連載版 僕のヒーローアカデミア~希望の娘と絶望の転生者~ 作:アゲイン
父は子の成長を見た
そんな三十七話でございます
また、SSのほうも投稿していますので、こちらを読んでからご覧くださった方がよいかと
才改学園のある部屋。
大きなテーブルが中心に設置され、それを取り囲むように椅子が存在している。
その中で一つ、やたら豪華ででかい椅子に、とてもではないが似合わない男が深々と、有り体に言えばふざけたような格好で座るともいえないような体勢でそこにいた。
「・・・・・・ぉおおおぉおおお・・・!・・・・・・うわぁぁああああ・・・!・・・」
泣いていた。
それはもう盛大に泣いていた。
ここまで泣くかと言われるんじゃないかってくらいに泣いていた。
「うぐぅう! あ、ああ! おぉおぉおぉぉおおお!!」
流れ出る涙をそのままに、身体を弛緩させただただ泣くことに身を任せて感情を露にしていた。
「・・・・・・そろそろいいですかね?」
そんな男に声を掛けるのは男の右腕的な存在、ではあるものの上司のその姿に彼は軽く引いていた。叶うなら相手をしたくはなかったが、周りの視線がどうにかしろと訴えかけて止まないので自分がするしかなかった。

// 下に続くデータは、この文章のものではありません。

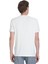 Beyaz Regular Fit Bisiklet Yaka Tişört 5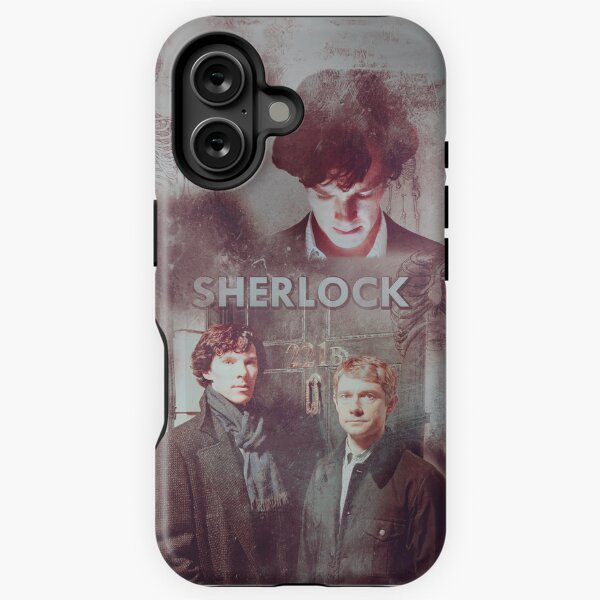 Item preview, BBC Sherlock IPhone Case designed and sold by curiousfashion.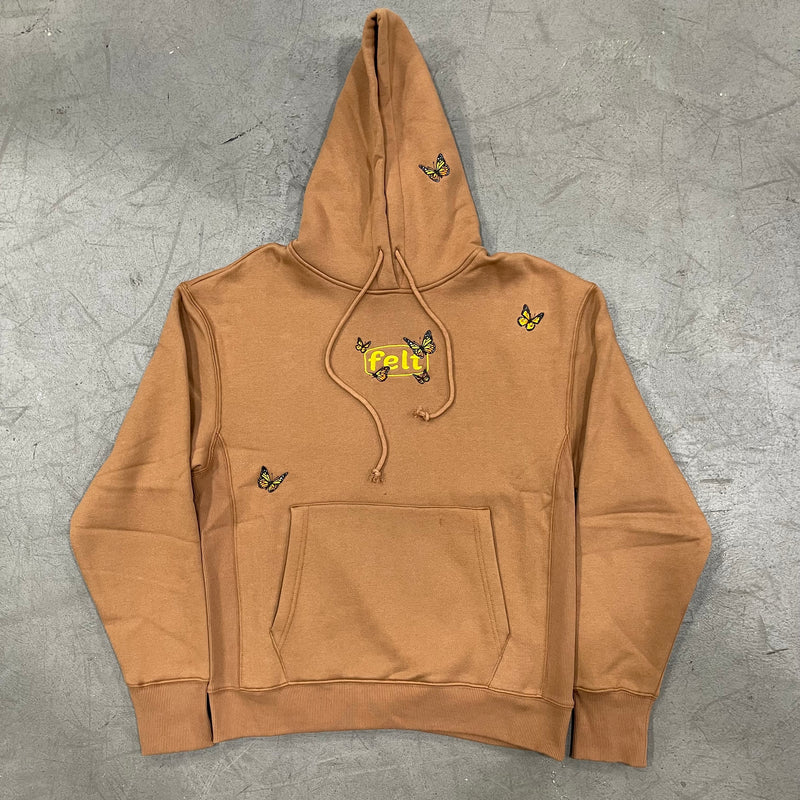 Bark Butterfly Embroidered Hoodie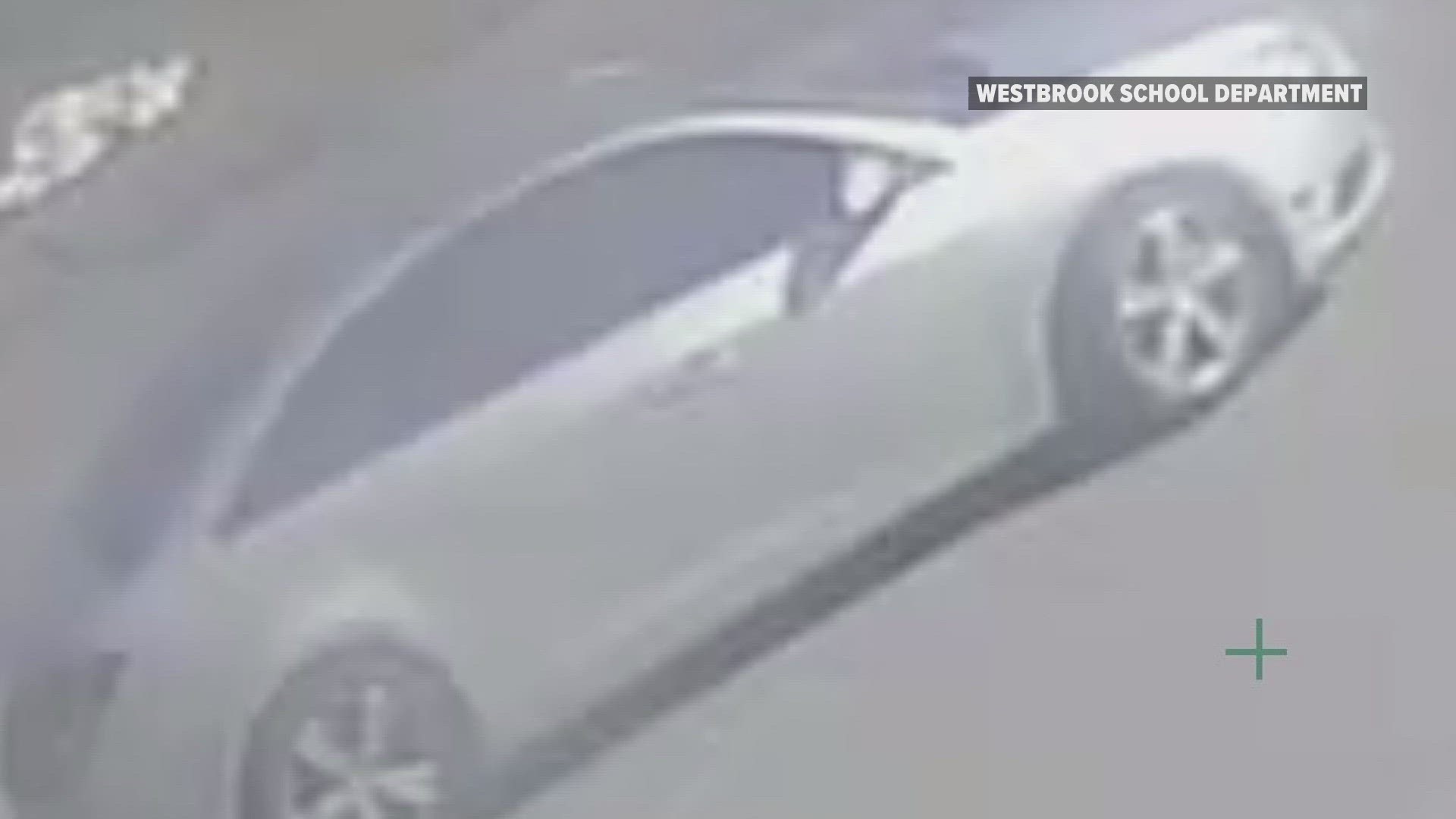 Police say the man was driving a silver sedan down Monroe Avenue Tuesday afternoon when he began following the student.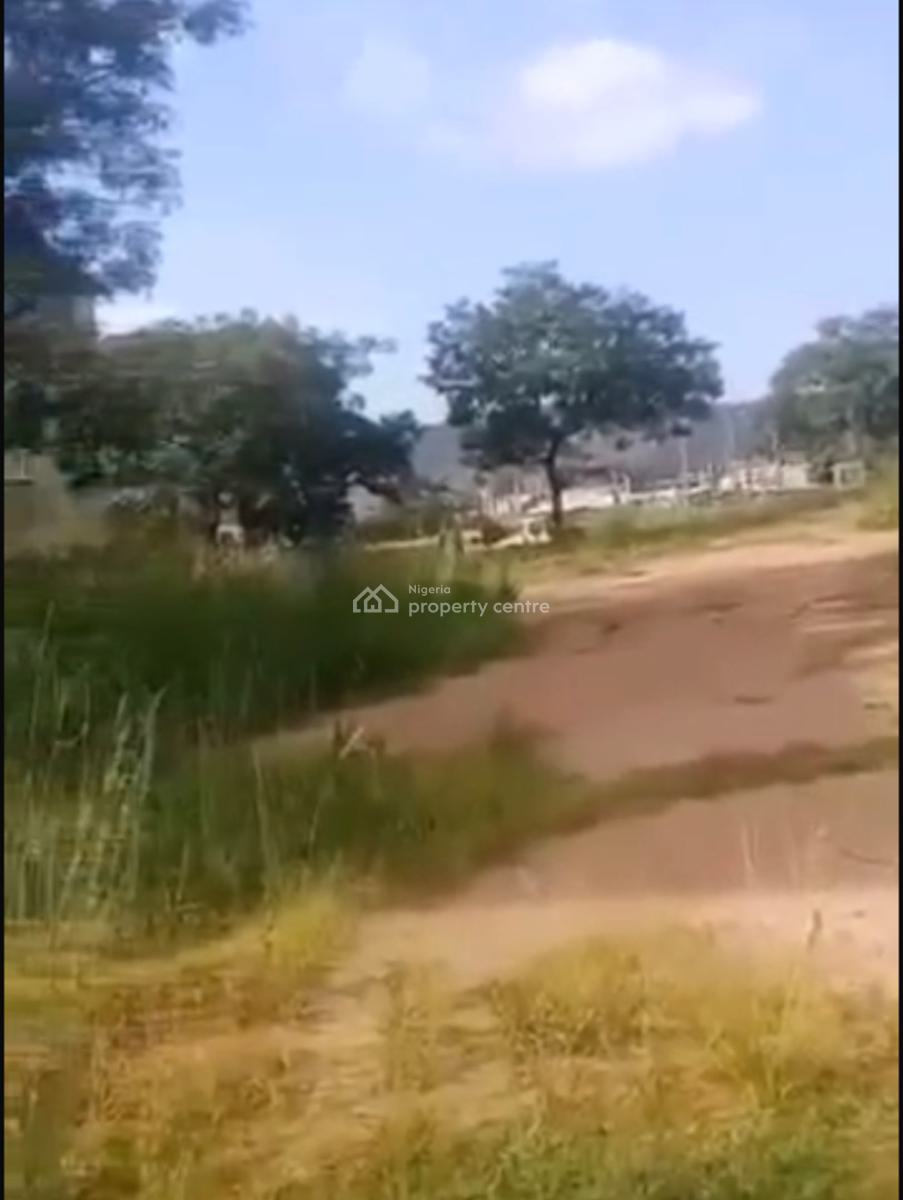 Plot Measuring 6,879sqm for Residential Development, Jahi, Abuja, Residential Land Joint Venture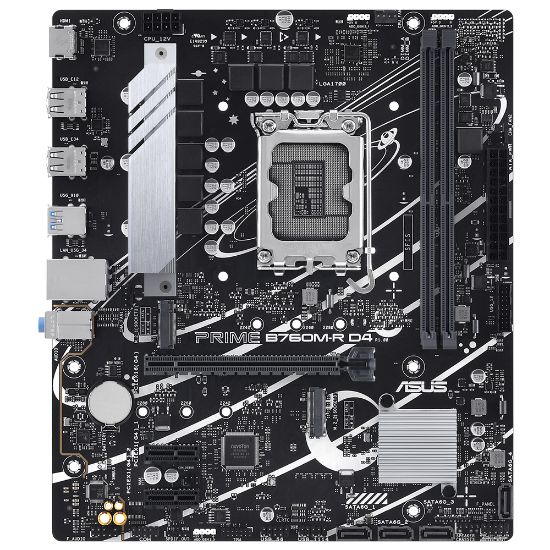 ASUS PRIME B760M-R D4 INTEL B760 SOKET 1700 DDR4 resmi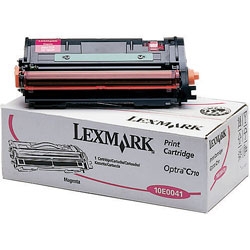 Lexmark 10E0041 Kırmızı Orjinal Toner - C710 / C710DN (T3947) - 1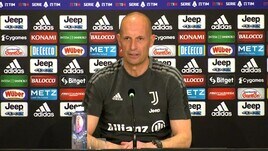 Allegri: "Servono tanti punti per arrivare quarti"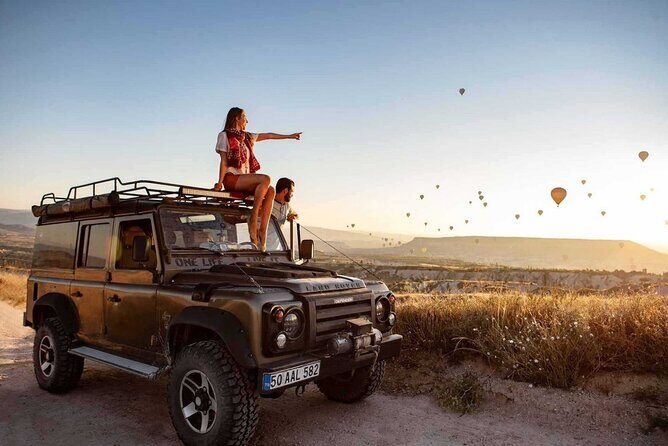 Jeep Safari Private Tour in Cappadocia ( Include Transfer ) - Key Points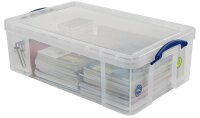Really Useful Box Aufbewahrungsbox 50,0 l transparent 71,0 x 44,0 x 23,0 cm, 1 St.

「う、うぅ・・・・・・。すまない、本当にすまないね。だって・・・だって・・・・・・」
顔を覆う手によって、表情が隠れる。だいたいそうなるだろうなと経験していた男、左右堕は気持ち身を退いていた。
「---だって、喜ばしいかぎりじゃないかっ!!!」
やあ! 画面の前の皆様! 私だ、希望ヶ峰 絶だ!!
「素晴らしい! なんと素晴らしい!! そうだそうでなくては!! ああ、なんということだろう!!!」
私は嬉しい。こんなにも嬉しいと思ったのは人生で何度目だろうか。順位でいえば五本の指に入るくらいに嬉しい!!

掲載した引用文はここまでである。